++++ DATA SHOWN

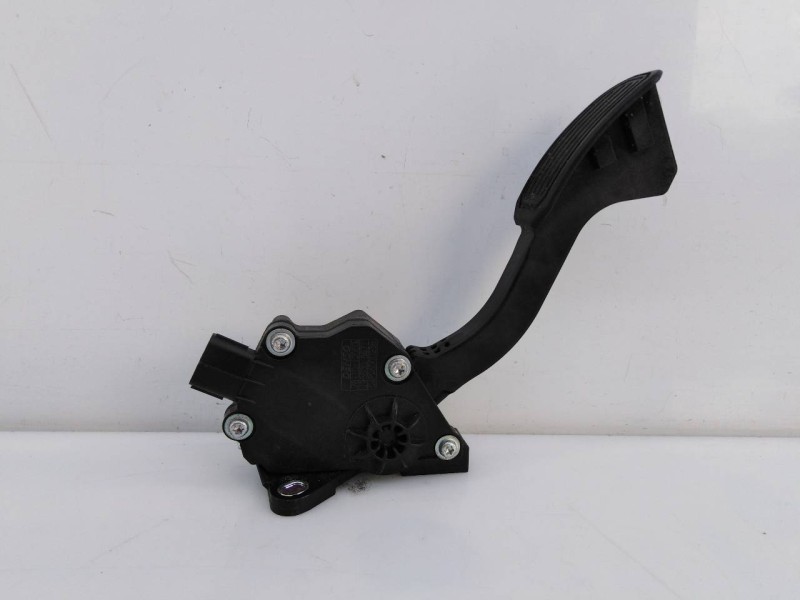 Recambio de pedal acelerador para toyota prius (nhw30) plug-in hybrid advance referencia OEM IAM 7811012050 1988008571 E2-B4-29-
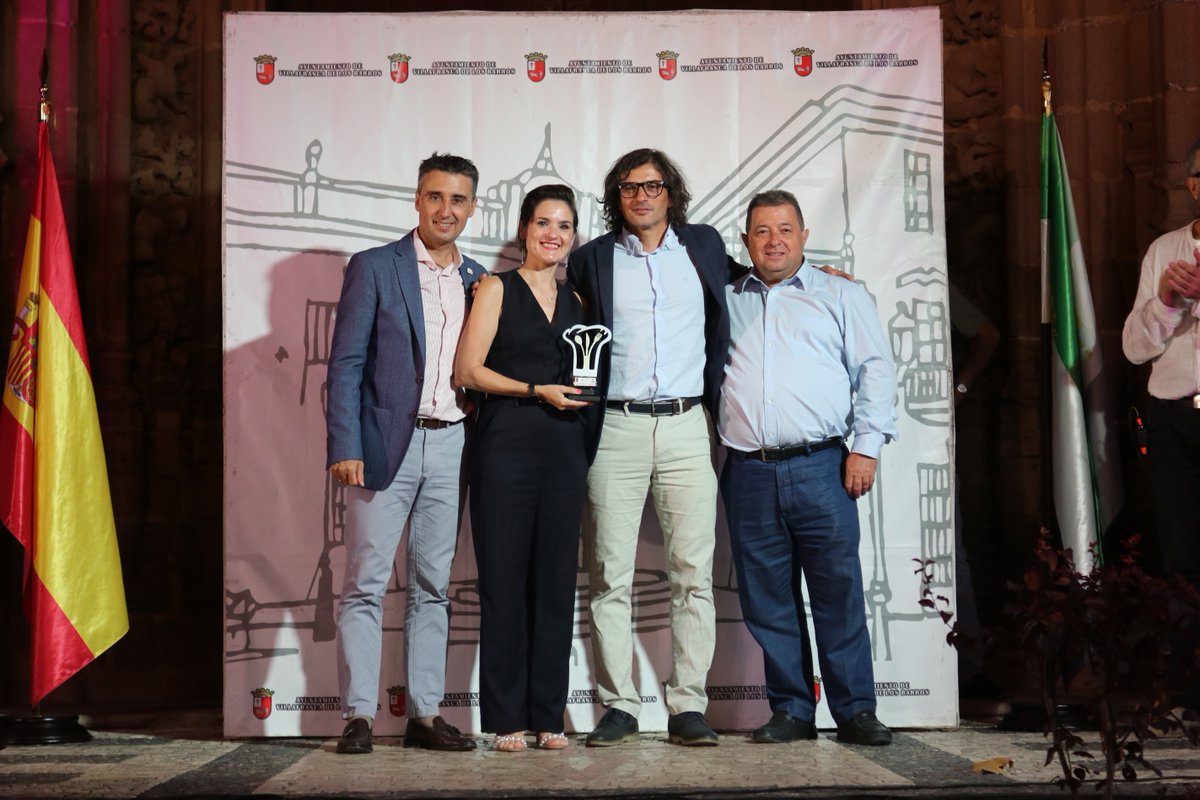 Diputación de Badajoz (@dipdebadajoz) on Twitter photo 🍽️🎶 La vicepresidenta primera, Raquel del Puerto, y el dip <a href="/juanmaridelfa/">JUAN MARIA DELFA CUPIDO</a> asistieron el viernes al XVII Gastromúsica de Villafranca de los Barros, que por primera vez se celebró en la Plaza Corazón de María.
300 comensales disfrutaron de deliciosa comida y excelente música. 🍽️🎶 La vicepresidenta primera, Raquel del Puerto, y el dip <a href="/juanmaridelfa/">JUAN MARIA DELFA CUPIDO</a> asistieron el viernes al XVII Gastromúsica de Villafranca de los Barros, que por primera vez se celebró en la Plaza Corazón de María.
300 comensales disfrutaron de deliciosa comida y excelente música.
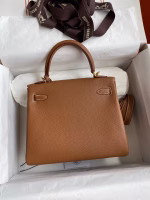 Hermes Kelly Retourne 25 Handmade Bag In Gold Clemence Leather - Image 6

++++++++
++++ DATA SHOWN

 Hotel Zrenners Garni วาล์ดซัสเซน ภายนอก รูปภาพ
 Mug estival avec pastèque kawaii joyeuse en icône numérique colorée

++++++++
++++ DATA SHOWN

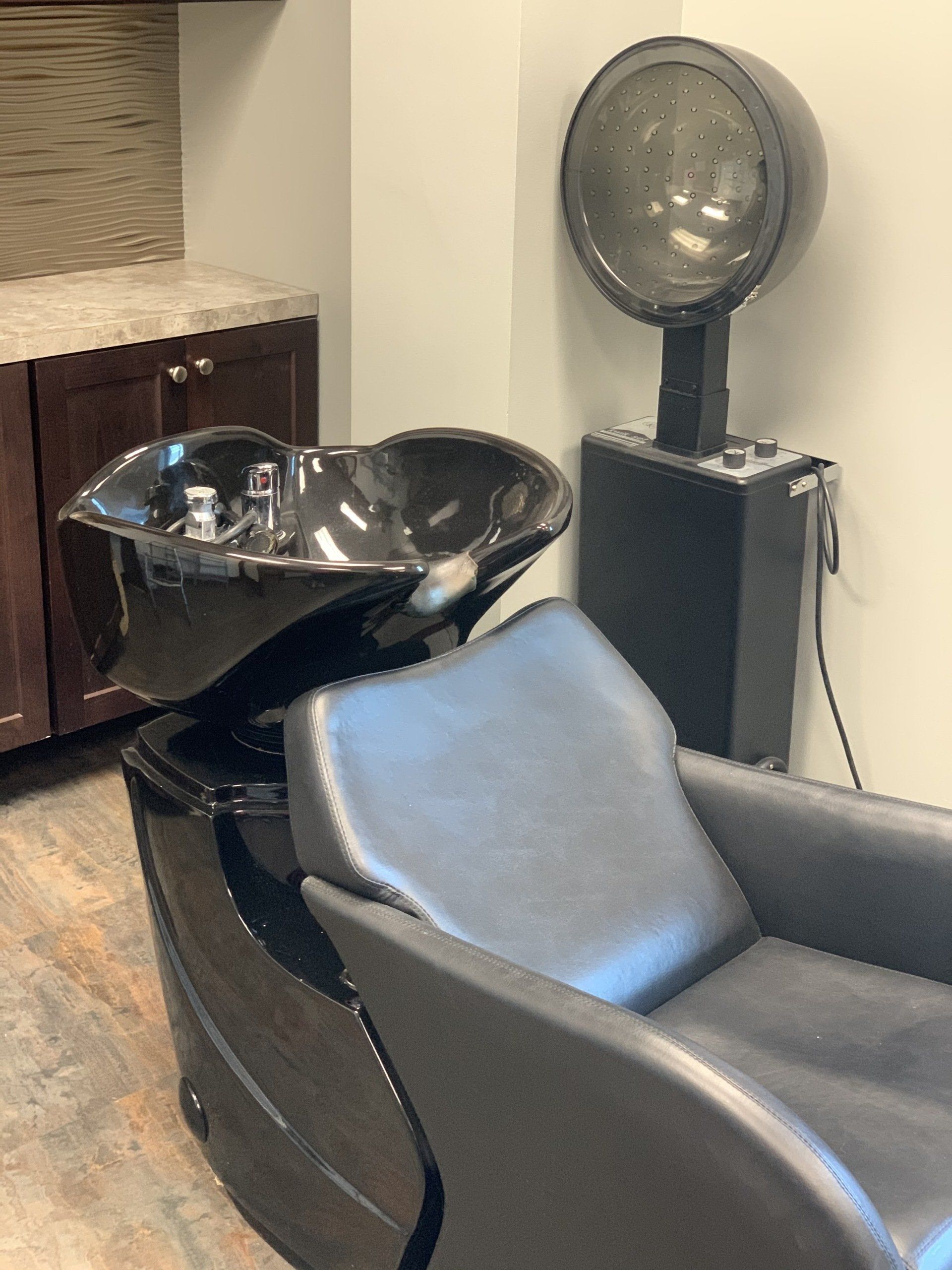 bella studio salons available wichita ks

++++++++

■ **GOAL OF THE EXERCISE**
Your response should contain each line of the listing in which the word "comensales" occurs.

■ **ANSWER BELOW**
300 comensales disfrutaron de deliciosa comida y excelente música. 🍽️🎶 La vicepresidenta primera, Raquel del Puerto, y el dip <a href="/juanmaridelfa/">JUAN MARIA DELFA CUPIDO</a> asistieron el viernes al XVII Gastromúsica de Villafranca de los Barros, que por primera vez se celebró en la Plaza Corazón de María.
300 comensales disfrutaron de deliciosa comida y excelente música.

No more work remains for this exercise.